Physical examination of voucher specimens and the photography/illustration of those organisms offer the opportunity to study the external characteristics of organisms. One can perform qualitative examinations, morphological descriptions, linear morphometrics, and geometric morphometrics using digital 2D photographs. Such methods are particularly advantageous when studying rare or important specimens that cannot be destroyed or dissected.
Cameras and digital calipers can cost on the order of hundreds of dollars, making them much less expensive than imaging equipment used to generate 3D models; especially models that include aspects of internal structure. While taking linear measurements of soft tissues (e.g., of muscles or nerves) can damage specimens, these methods generally are less damaging than histology.

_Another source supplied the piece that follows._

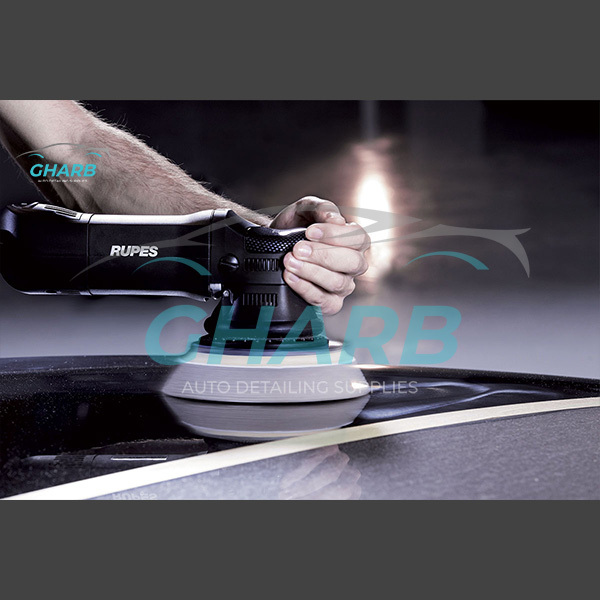  دستگاه پولیش اوربیتال روپس مدل Rupes Random Orbital Polisher Bigfoot LHR21ES/STD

A substantial cost for these methods is the time, price, and carbon footprint of traveling to multiple natural history collections to collect specimen data if no digitized data exist, or shipping costs to send specimens to locations for analysis. There is also reduced resolution in the data compared to data collected using 3D modalities. In studies utilizing 2D geometric morphometrics, shape files (often .tps files) are commonly published in the supplemental information of papers. However, field standards do not require the underlying images to also be published, and there is no centralized repository to do so. To ensure that shape data are captured accurately, all specimens in an analysis must be photographed in a well-defined way to ensure that differences in resulting landmark configurations are differences in shape between specimens rather than differences in the orientation of the specimen at the time it was photographed (i.e., how was the specimen oriented relative to the lens). As a result, it is difficult to combine images or shape files taken by one researcher with those taken by another without establishing low inter-observer error in specimen photography. As a result, it can be difficult to build on previous 2D geometric morphometrics analyses.
Photogrammetry
Photogrammetry uses digital images taken from multiple angles to construct a 3D model of a physical object ( Kano 2022 ). Photogrammetry is often used to measure external characteristics, although it can be combined with invasive techniques (e.g., dissections, clearing, and staining) to create models of internal traits.
This method allows for visualizing the color, size, volume, surface area, and shape of objects. Photogrammetry is much more cost effective than high-resolution scanning methods; the main costs include any digital camera, even the camera built into a mobile phone, and software on a computer to perform 3D reconstruction and downstream analyses. This method can be combined with other methods to examine internal traits as well, although that is typically destructive. A major benefit is the ability to readily share digital 3D objects with other researchers through open-source frameworks. Photogrammetry is still being developed for additional uses and improved results, but an ever increasing number of scientific studies are using this technique due to its reduced costs (e.g., Deakos 2010 ; Giacomini et al. 2019 ).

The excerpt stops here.